--- THE PROBLEM ---
Leave out every picture, and output exactly the lines from the line containing "パーマ メンズ メンズ縮毛矯正 ♠️店長下平隼人のヘアスタイル" through the last line of the data.

________

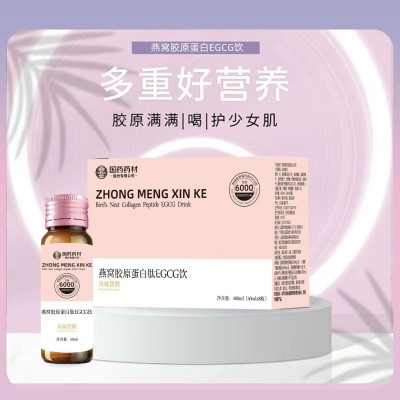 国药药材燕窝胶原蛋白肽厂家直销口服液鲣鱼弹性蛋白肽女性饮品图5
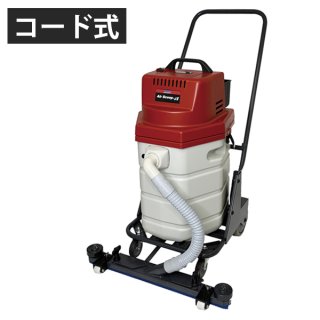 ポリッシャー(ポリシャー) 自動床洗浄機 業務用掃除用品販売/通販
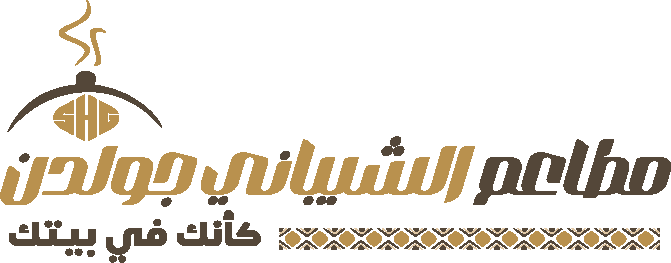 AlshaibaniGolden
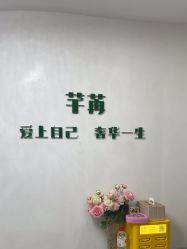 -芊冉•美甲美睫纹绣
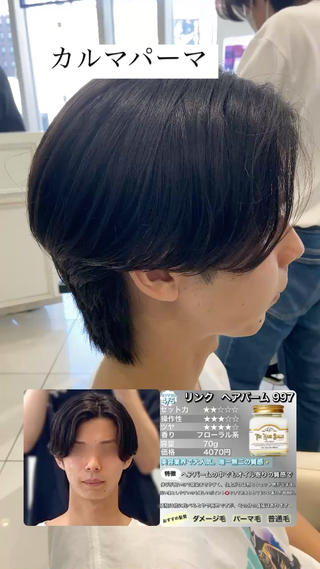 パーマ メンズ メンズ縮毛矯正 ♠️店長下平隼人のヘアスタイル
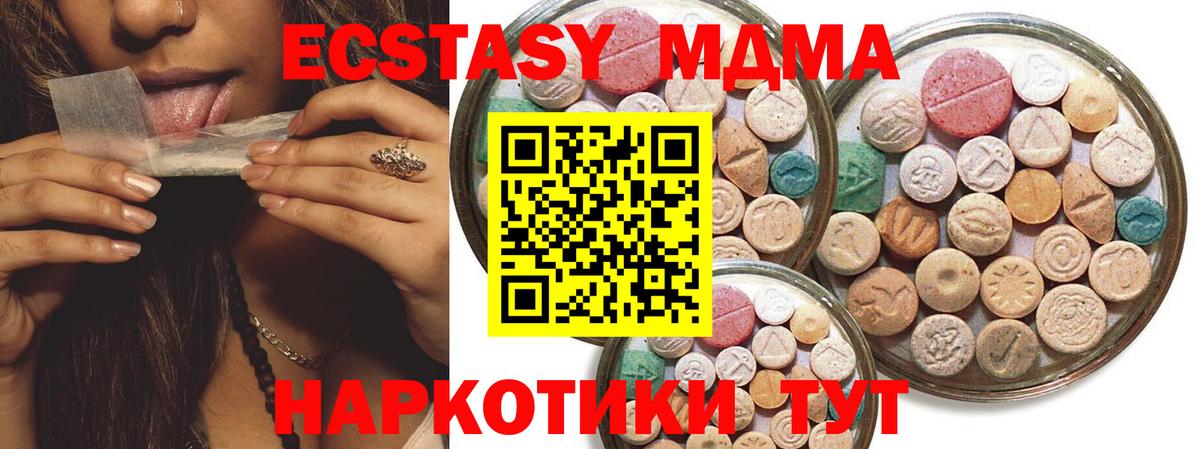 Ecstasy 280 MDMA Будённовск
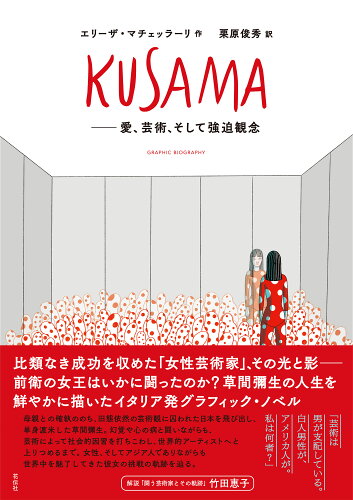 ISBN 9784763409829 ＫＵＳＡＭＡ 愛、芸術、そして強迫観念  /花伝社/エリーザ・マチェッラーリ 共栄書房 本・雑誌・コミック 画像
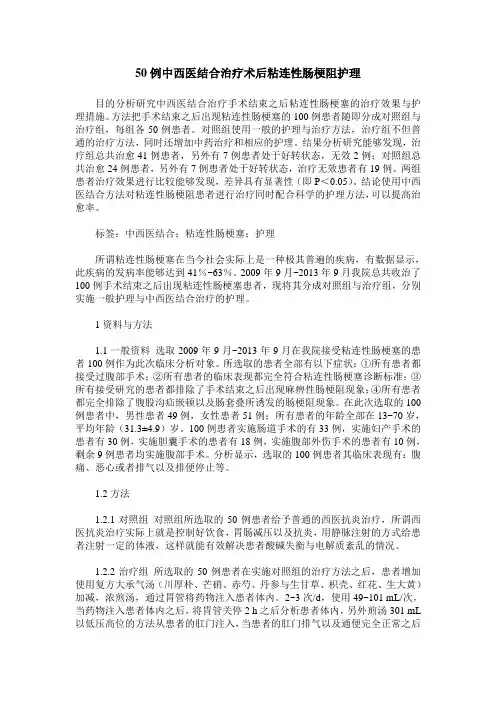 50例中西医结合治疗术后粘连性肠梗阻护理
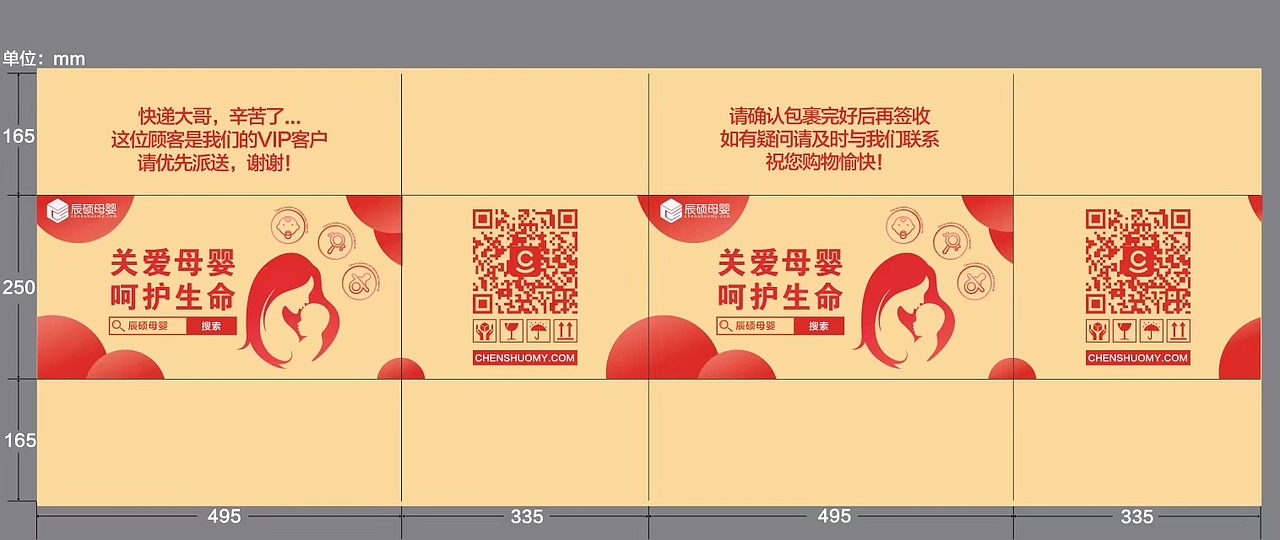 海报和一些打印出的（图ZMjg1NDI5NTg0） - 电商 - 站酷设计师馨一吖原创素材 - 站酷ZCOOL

________

--- TASK SOLUTION ---
 パーマ メンズ メンズ縮毛矯正 ♠️店長下平隼人のヘアスタイル
 Ecstasy 280 MDMA Будённовск
 ISBN 9784763409829 ＫＵＳＡＭＡ 愛、芸術、そして強迫観念  /花伝社/エリーザ・マチェッラーリ 共栄書房 本・雑誌・コミック 画像
 50例中西医结合治疗术后粘连性肠梗阻护理
 海报和一些打印出的（图ZMjg1NDI5NTg0） - 电商 - 站酷设计师馨一吖原创素材 - 站酷ZCOOL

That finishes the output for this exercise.